Understanding render_md
render_md
calls apply_classes
:
def apply_classes(html_str:str, # Html string
class_map=None, # Class map
class_map_mods=None # Class map that will modify the class map map (useful for small changes to a base class map)
)->str: # Html string with classes applied
"Apply classes to html string"
if not html_str: return html_str
try:
class_map = ifnone(class_map, franken_class_map)
if class_map_mods: class_map = {**class_map, **class_map_mods}
html_str = html.fromstring(html_str)
for selector, classes in class_map.items():
# Handle descendant selectors (e.g., 'pre code')
xpath = '//' + '/descendant::'.join(selector.split())
for element in html_str.xpath(xpath):
existing_class = element.get('class', '')
new_class = f"{existing_class} {classes}".strip()
element.set('class', new_class)
return etree.tostring(html_str, encoding='unicode', method='html')
except etree.ParserError:
return html_str
Here, lxml matches and appends the classes after mistletoe generates the HTML. This could probably be improved by implementing a custom Mistletoe HTML renderer instead of parsing its rendered HTML. html_renderer.py looks nicely customizable.
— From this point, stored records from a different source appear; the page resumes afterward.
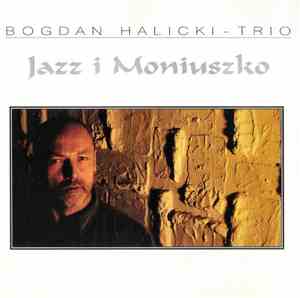 Bogdan Halicki - Jazz I Moniuszko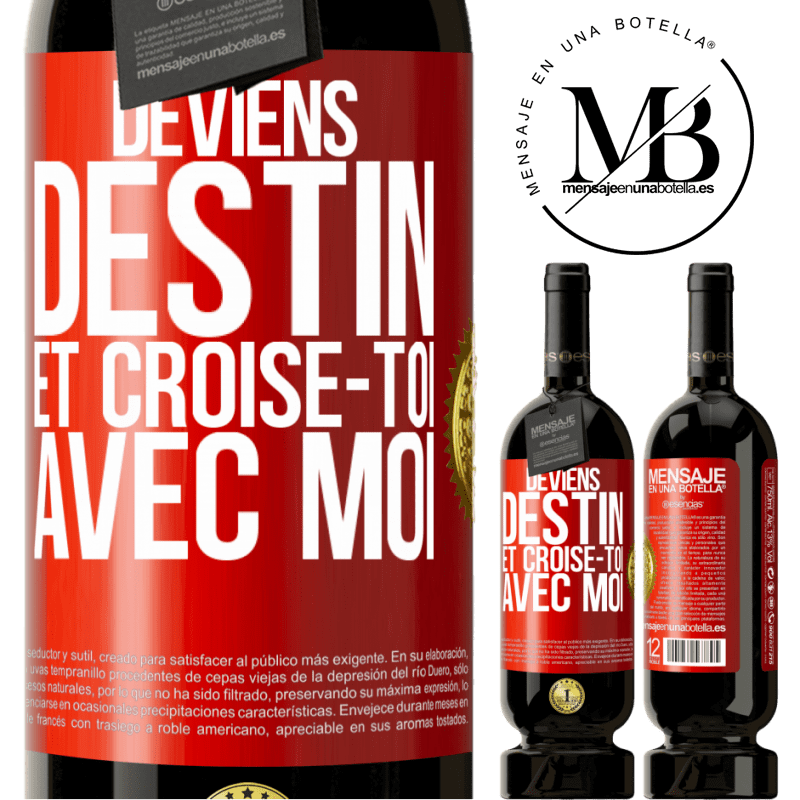 49,95 € Envoi gratuit | Vin rouge Édition Premium MBS® Réserve Deviens destin et croise-toi avec moi Étiquette Rouge. Étiquette personnalisable Réserve 12 Mois Récolte 2015 Tempranillo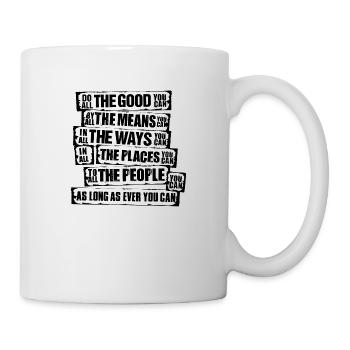 JOHN WESLEY QUOTES - Tasse - Weiß - Rechts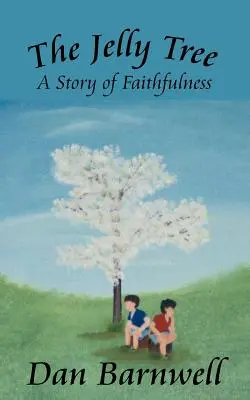 Der Gelee-Baum: Eine Geschichte über Treue - The Jelly Tree: A Story of Faithfulness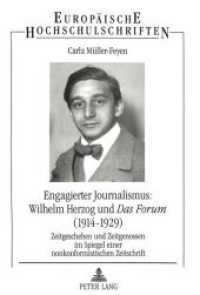 Engagierter Journalismus: Wilhelm Herzog und DAS FORUM (1914-1929) (Europäische Hochschulschriften / European University Studies/Publications Universitaires Européenne .69) （Neuausg. 1997. 555 S. 210 mm）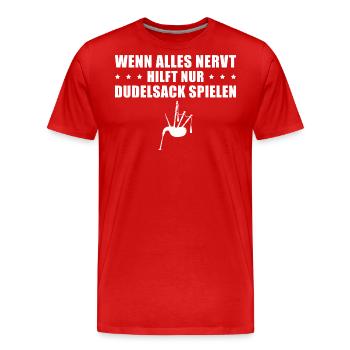 Dudelsack Wenn alles nervt Sackpfeife - Männer Premium Bio T-Shirt - Rot - Vorne - Damien (186cm)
class MonsterHtmlRenderer(HtmlRenderer):
def render_heading(self, token: block_token.Heading) -> str:
template = '<h{level} class="uk-h{level}">{inner}</h{level}>'
inner = self.render_inner(token)
return template.format(level=token.level, inner=inner)
Now we try it:
markdown("## Heading 2", MonsterHtmlRenderer)
'<h2 class="uk-h2">Heading 2</h2>\n'
That worked!
Updating StyledMd
def StyledMd(m):
return Safe(markdown(m, MonsterHtmlRenderer))
StyledMd("## Heading 2")
'<h2 class="uk-h2">Heading 2</h2>\n'
Benchmarks
Over 100,000 iterations I dramatically improved Markdown rendering performance:
test_md = "## Heading\n\nParagraph\n\n* List item 1\n* List item 2"
def benchmark_old():
return render_md(test_md, class_map=franken_class_map)
def benchmark_new():
return markdown(test_md, MonsterHtmlRenderer)
n = 100000
t_old = timeit.timeit('benchmark_old()', globals=globals(), number=n)
print(f"Old method: {t_old/n*1000:.2f}ms per iteration")
Old method: 0.15ms per iteration
t_new = timeit.timeit('benchmark_new()', globals=globals(), number=n)
print(f"New method: {t_new/n*1000:.2f}ms per iteration")
New method: 0.05ms per iteration
Next Steps
This is ready to back-integrate into this site. I hope to contribute the relevant parts of this back to MonsterUI as well, to improve Markdown rendering performance in sites that use it.